On Thursday, OpenAI officially released a new generation of basic models, GPT‑5.4, positioning it as “the most powerful, efficient, cutting-edge model for professional work to date.” In addition to the standard version, OpenAI simultaneously launched two variants: GPT‑5.4 Thinking, which emphasizes complex reasoning capabilities, and GPT‑5.4 Pro, which is targeted at high-performance application scenarios.

In terms of model capabilities, the API version of GPT‑5.4 supports a context window of up to 1 million tokens, far exceeding any model previously provided by OpenAI, which is beneficial for processing long chain workflows such as long documents, complex projects or multi-round tasks. OpenAI also emphasized the improvement of token usage efficiency, saying that GPT-5.4 can complete tasks of the same difficulty as the previous generation model with significantly fewer tokens, thus forming advantages in cost and response speed.

The latest benchmark test results show that GPT‑5.4 has achieved a significant lead in multiple authoritative evaluations, including setting new records in the two "computer operation" scenario tests of OSWorld‑Verified and WebArena Verified, and achieving the highest score of 83% on OpenAI's own knowledge work assessment set GDPval. GPT‑5.4 also ranked first in the APEX‑Agents benchmark set by startup Mercor for professional skills such as law and finance.
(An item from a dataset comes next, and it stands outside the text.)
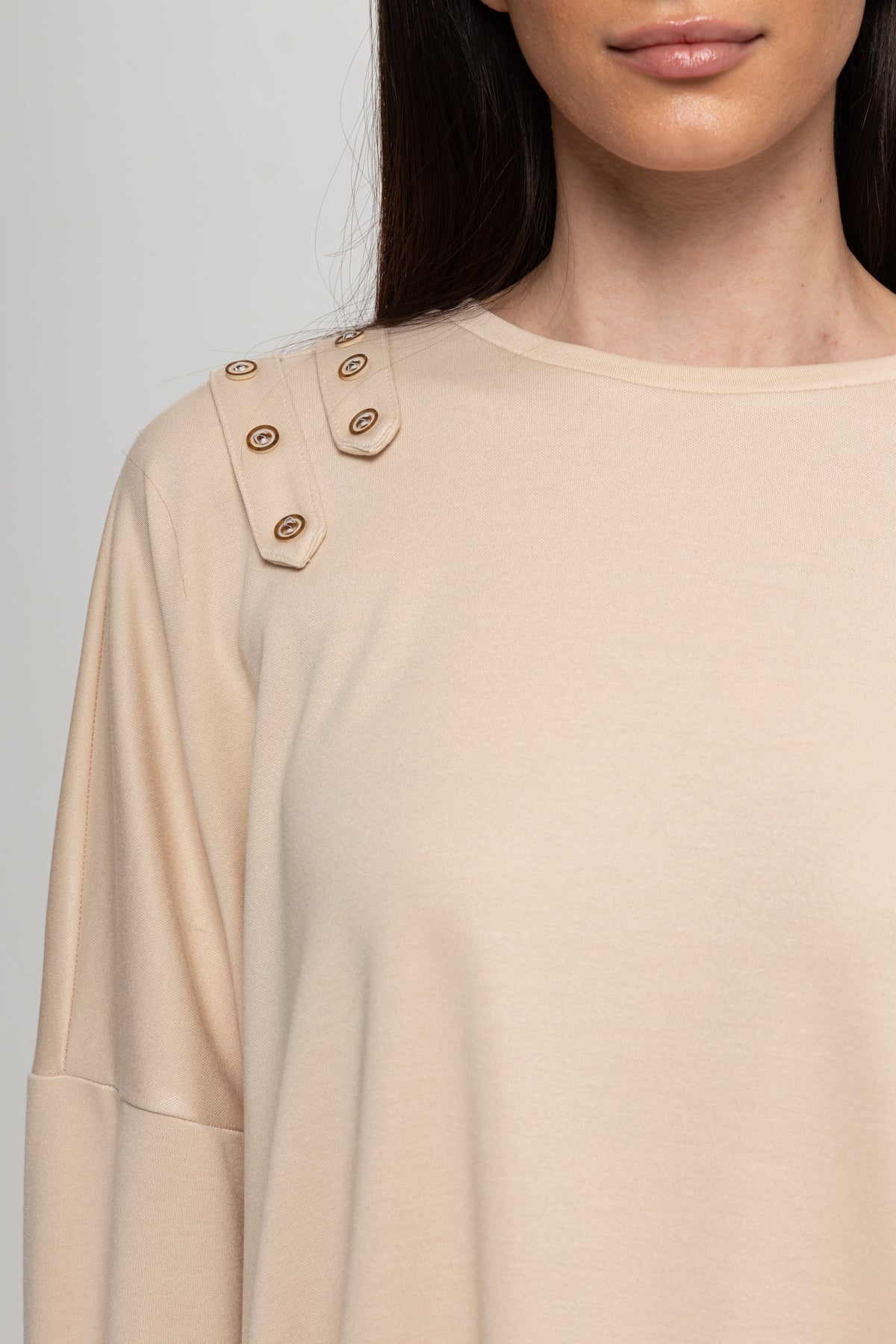 BEJ OMUZLARI DÜĞME DETAYLI İKİLİ TAKIM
Mercor CEO Brendan Foody said in a statement that GPT‑5.4 excels at producing long-term deliverables, including presentations, financial models and legal analysis, “while maintaining top performance, faster and at a lower cost than comparable cutting-edge models.”

In terms of reliability, GPT‑5.4 continues OpenAI’s research and development direction to reduce “illusions” and factual errors. Official internal evaluation results show that compared with GPT-5.2, the new model has a 33% reduction in the probability of errors at the level of a single statement, and an 18% reduction in the probability of errors in the overall answer.

This release also comes with an important API layer change: OpenAI launches a new tool calling mechanism called Tool Search. In the old solution, the system prompt must inject the definitions of all available tools into the model at once. As the number of tools increases, this part of the prompt itself will occupy a large amount of tokens. The new Tool Search allows models to query tool definitions on demand, significantly reducing overhead in systems with larger tool sizes, making invocations faster and less expensive.

Focusing on safety and controllability, OpenAI has added a new safety assessment this time to test the model’s “chain-of-thought” performance in multi-step tasks. Researchers have long been worried that models with reasoning capabilities may "disguise" or hide the true reasoning path during the chain thinking process. Previous research has shown that this may indeed happen under certain conditions. New evaluation results given by OpenAI show that in the version of GPT-5.4 Thinking, the probability of such "deceptive" performance is even lower. "This shows that the model lacks the ability to actively hide the reasoning process, and thinking chain monitoring is still an effective security tool."

Through the simultaneous launch of GPT‑5.4 and its Pro and Thinking versions, OpenAI is trying to find a new balance between professional productivity, cost efficiency, and security controllability, pushing large models further into high-value scenarios such as law, finance, and knowledge work.